Theo Ellsworth
Theo Ellsworth is a self-taught artist and comics creator best known for his graphic novel "Capacity" and "Sleeper Car" which was excerpted in "The Best American Comics 2010". In 2010, he was a recipient of the Best Art Vinyl award for the Flying Lotus EP album Pattern + Grid World. He lives with his wife and son in Missoula, Montana.
Biography
Theo Ellsworth was born in Los Angeles, California where he lived until he was six when his family relocated to Missoula, Montana. His father worked in hospice and his mother worked for a company that provided services for people with mental disabilities. Ellsworth has an older brother and a younger sister. He notes having difficulty paying attention in school, oftentimes daydreaming during lessons. Ellsworth dropped out of high school and received his GED. Ellsworth travelled around the United States, living out of his car, occasionally returning to Missoula. He used this period as a time of introspection and to figure out how to make art and comics the central focus of his work. He sold his car and used that money, in addition to working odd jobs, while he wrote the first six issues of Capacity.[1]
While Ellsworth tried some formal art classes, he found the instruction counterproductive to his own artistic style and vision. He is instead self-taught. Ellsworth notes Henry Darger, Adolf Wölfli, and Martin Ramirez as artistic influences.[2]
Career
Ellsworth's first book Capacity was published in 2008 by Secret Acres.
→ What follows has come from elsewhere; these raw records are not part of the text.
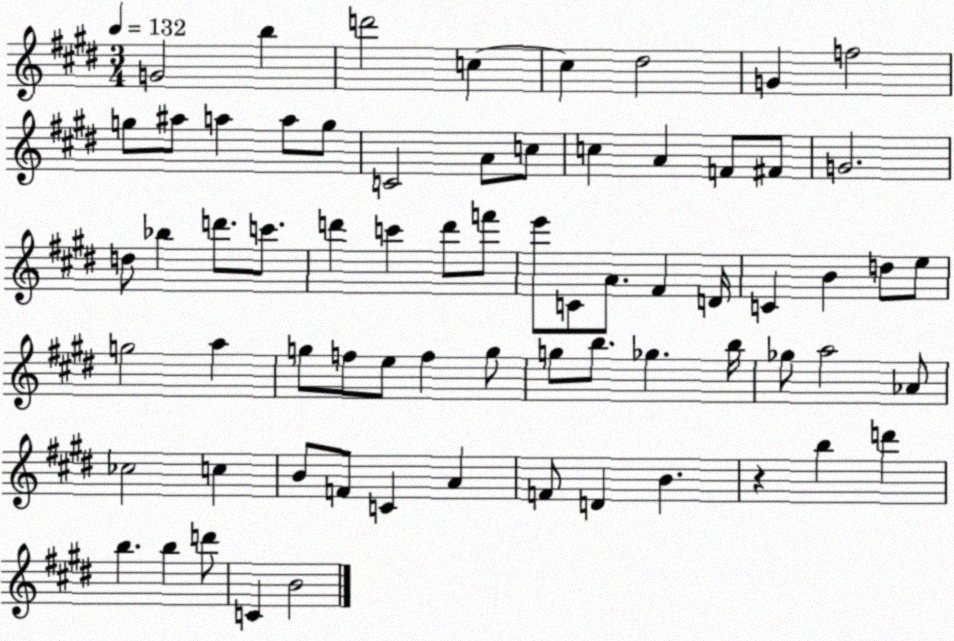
X:1
T:Untitled
M:3/4
L:1/4
K:E
G2 b d'2 c c ^d2 G f2 g/2 ^a/2 a a/2 g/2 C2 A/2 c/2 c A F/2 ^F/2 G2 d/2 _b d'/2 c'/2 d' c' d'/2 f'/2 e'/2 C/2 A/2 ^F D/4 C B d/2 e/2 g2 a g/2 f/2 e/2 f g/2 g/2 b/2 _g b/4 _g/2 a2 _A/2 _c2 c B/2 F/2 C A F/2 D B z b d' b b d'/2 C B2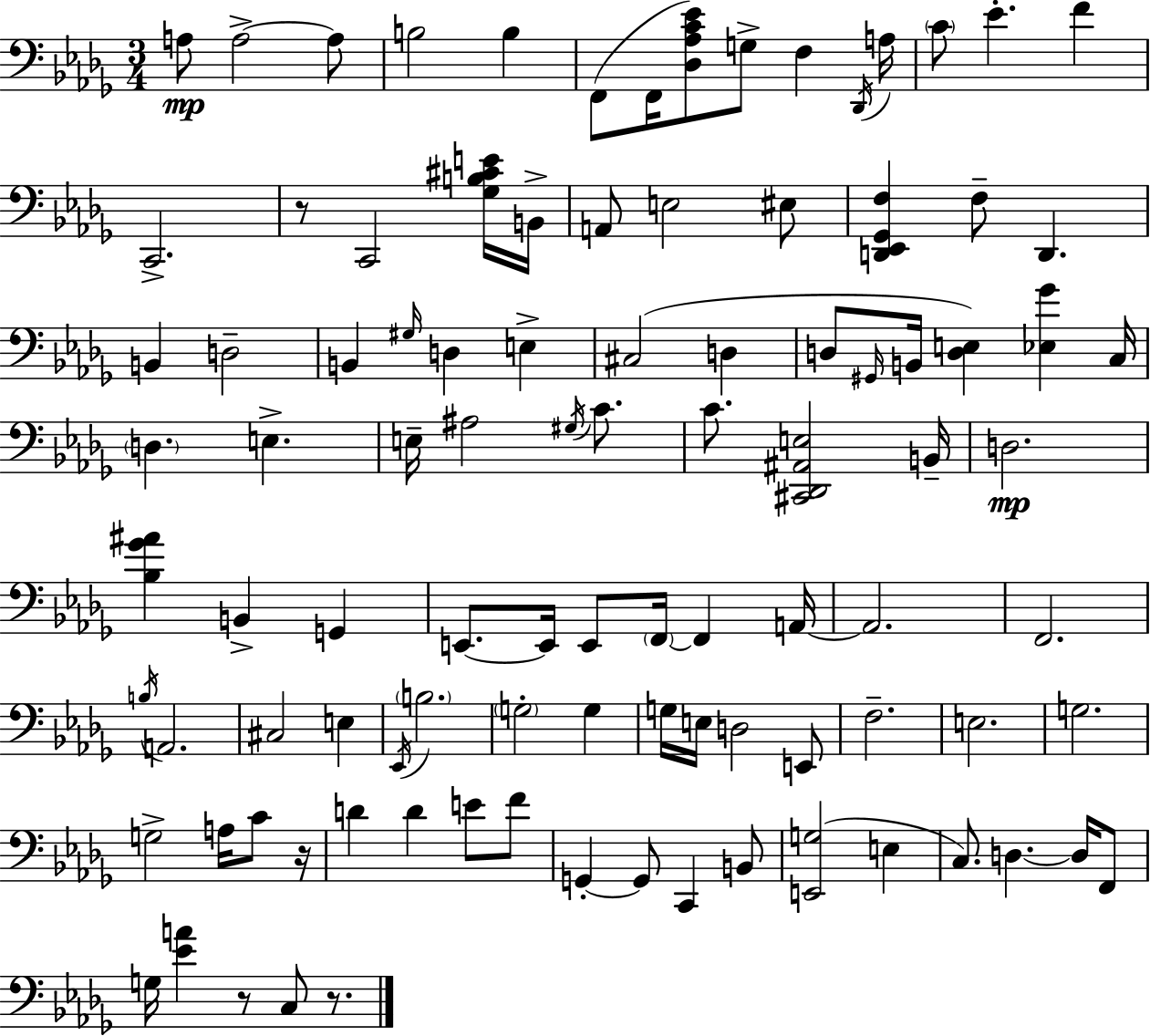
X:1
T:Untitled
M:3/4
L:1/4
K:Bbm
A,/2 A,2 A,/2 B,2 B, F,,/2 F,,/4 [_D,_A,C_E]/2 G,/2 F, _D,,/4 A,/4 C/2 _E F C,,2 z/2 C,,2 [_G,B,^CE]/4 B,,/4 A,,/2 E,2 ^E,/2 [D,,_E,,_G,,F,] F,/2 D,, B,, D,2 B,, ^G,/4 D, E, ^C,2 D, D,/2 ^G,,/4 B,,/4 [D,E,] [_E,_G] C,/4 D, E, E,/4 ^A,2 ^G,/4 C/2 C/2 [^C,,_D,,^A,,E,]2 B,,/4 D,2 [_B,_G^A] B,, G,, E,,/2 E,,/4 E,,/2 F,,/4 F,, A,,/4 A,,2 F,,2 B,/4 A,,2 ^C,2 E, _E,,/4 B,2 G,2 G, G,/4 E,/4 D,2 E,,/2 F,2 E,2 G,2 G,2 A,/4 C/2 z/4 D D E/2 F/2 G,, G,,/2 C,, B,,/2 [E,,G,]2 E, C,/2 D, D,/4 F,,/2 G,/4 [_EA] z/2 C,/2 z/2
It is a compilation of mini-comics he produced between 2005 and 2007. Ellsworth also created an additional 100 pages of material specifically to tie all the stories together for the book's publication. In 2013, Ellsworth published Capacity #8, a new issue that continues his Capacity series. [3]
In 2009, Secret Acres published Ellsworth's Sleeper Car, a 32 page comic. A selection from "Sleeper Car", Norman Eight's Right Arm was chosen by Neil Gaiman for The Best American Comics 2010.[4]
Book One of his The Understanding Monster trilogy came out in 2012 and won the 2013 Lynd Ward Honor Book prize given out by Penn State. Excerpts from "The Understanding Monster Vol. 1" were selected by Scott McCloud to be included in the "Best American Comics 2014." Volume Two of the Understanding Monster was released in the fall of 2014, and Volume Three was released in the fall of 2015.
His work has been described as "a cross between cartooning and art, poetry and the nonsensical ramblings of a writer emerging from a dream."[5]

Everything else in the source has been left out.